[Short descriptive text snippets]
# # # # #

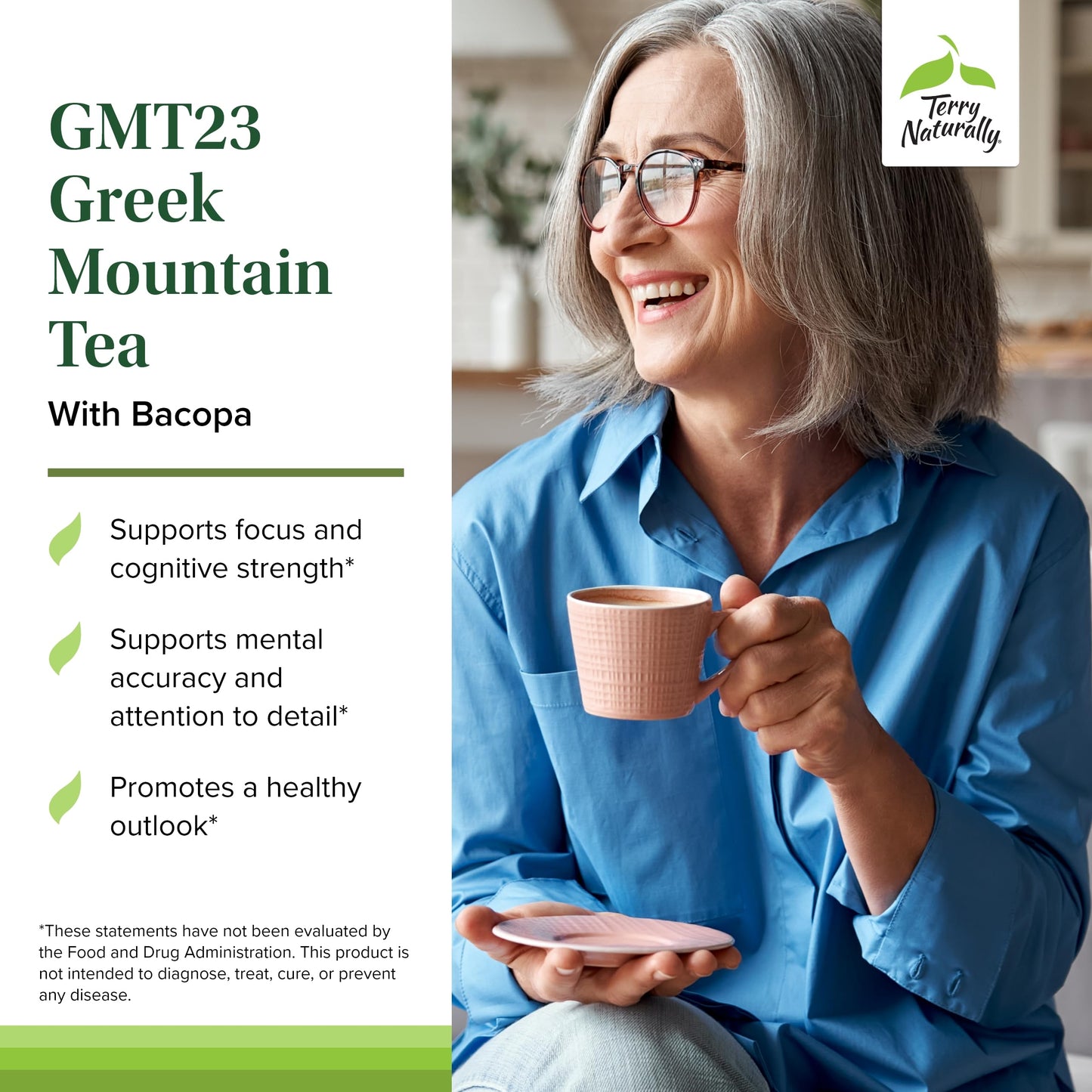 Terry Naturally GMT23 Greek Mountain Tea Plus Bacopa - Dietary Supplement for Focus Support - Brain Health Supplement for Attention to Detail - Herbal Supplement with Antioxidants - 30 Capsules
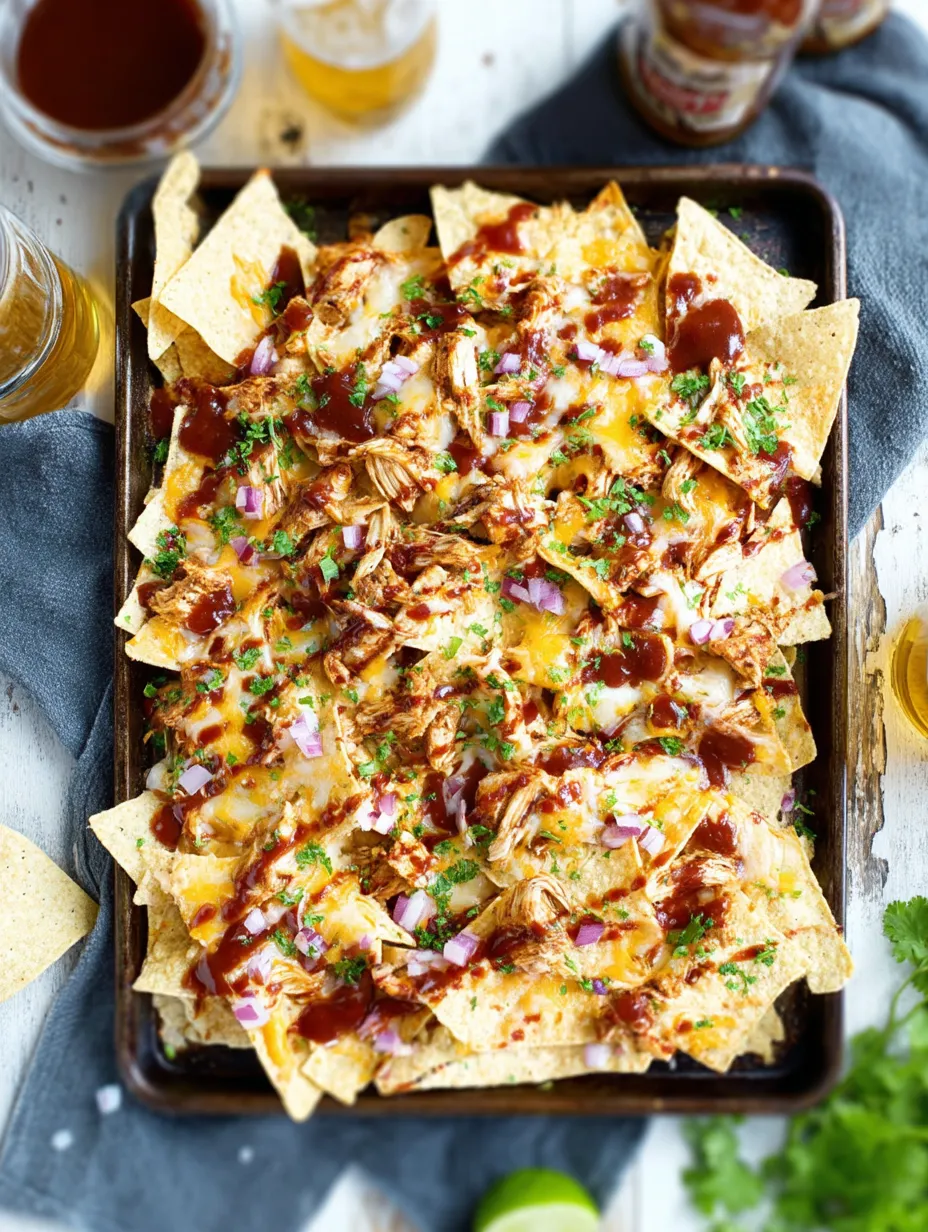 Nachos made on a sheet tray with BBQ chicken.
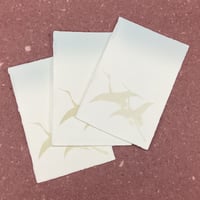 こきん特製　耳付き鳥の子はがき　二羽鶴（ブルーぼかし）　３枚入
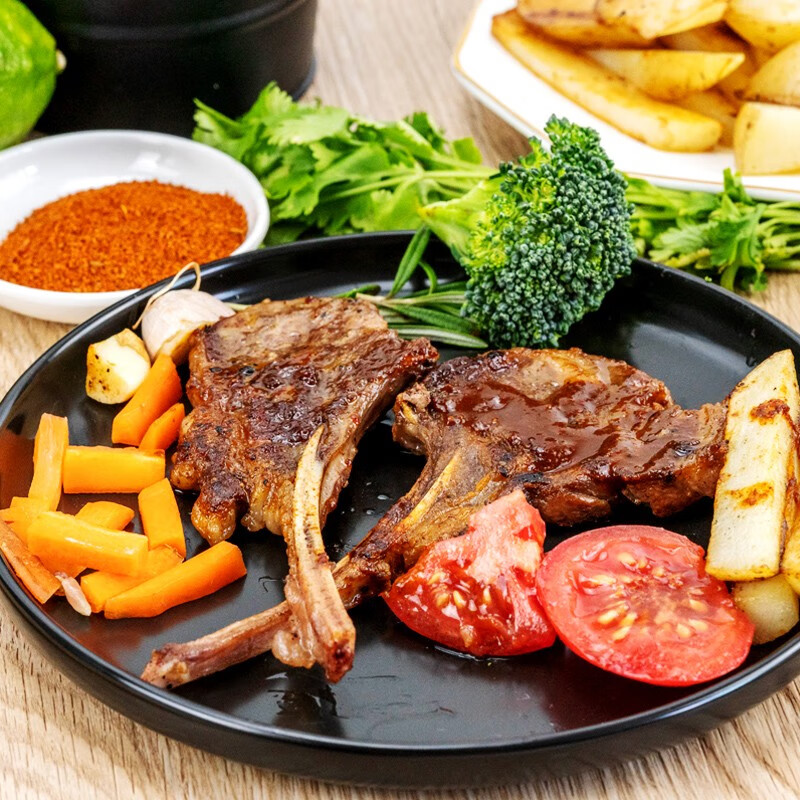 午羊 宁夏滩羊肉 生鲜 原切单肋法式羊排羊肉串 战斧肋排 西餐烧烤食 法式羊排12支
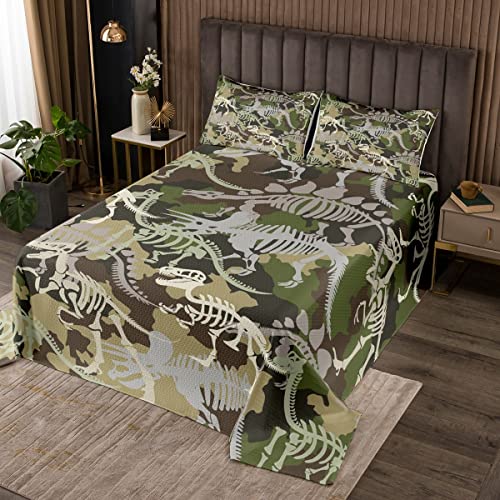 Homemissing Juego de colcha acolchada de dinosaurio de camuflaje verde para niños y niñas, juego de colcha de dinosaurio de la selva, estilo militar, decoración acolchada de dinosaurio, tamaño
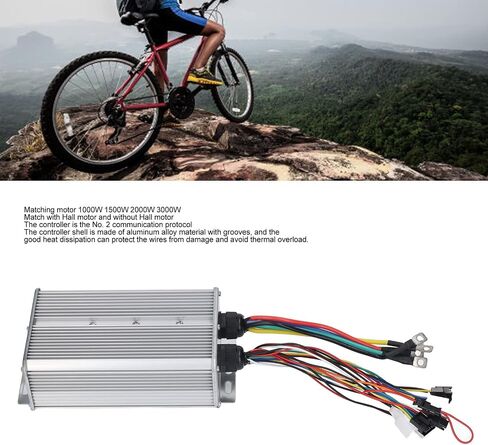 Alomejor Electric Bike Controller, 48V 72V 60A Dual Mode 18 Tube Sine Controller with Connector for Scooter Lithium Battery Modification in Saudi Arabia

# # # # #

- **TASK ITEM**
The line with "こきん特製　耳付き鳥の子はがき　二羽鶴（ブルーぼかし）　３枚入" and each line after it, through the final line of the data, are to be duplicated exactly, with pictures left out and nothing more included.

- **RESULT FOR THIS EXERCISE**
 こきん特製　耳付き鳥の子はがき　二羽鶴（ブルーぼかし）　３枚入
 午羊 宁夏滩羊肉 生鲜 原切单肋法式羊排羊肉串 战斧肋排 西餐烧烤食 法式羊排12支
 Homemissing Juego de colcha acolchada de dinosaurio de camuflaje verde para niños y niñas, juego de colcha de dinosaurio de la selva, estilo militar, decoración acolchada de dinosaurio, tamaño
 Alomejor Electric Bike Controller, 48V 72V 60A Dual Mode 18 Tube Sine Controller with Connector for Scooter Lithium Battery Modification in Saudi Arabia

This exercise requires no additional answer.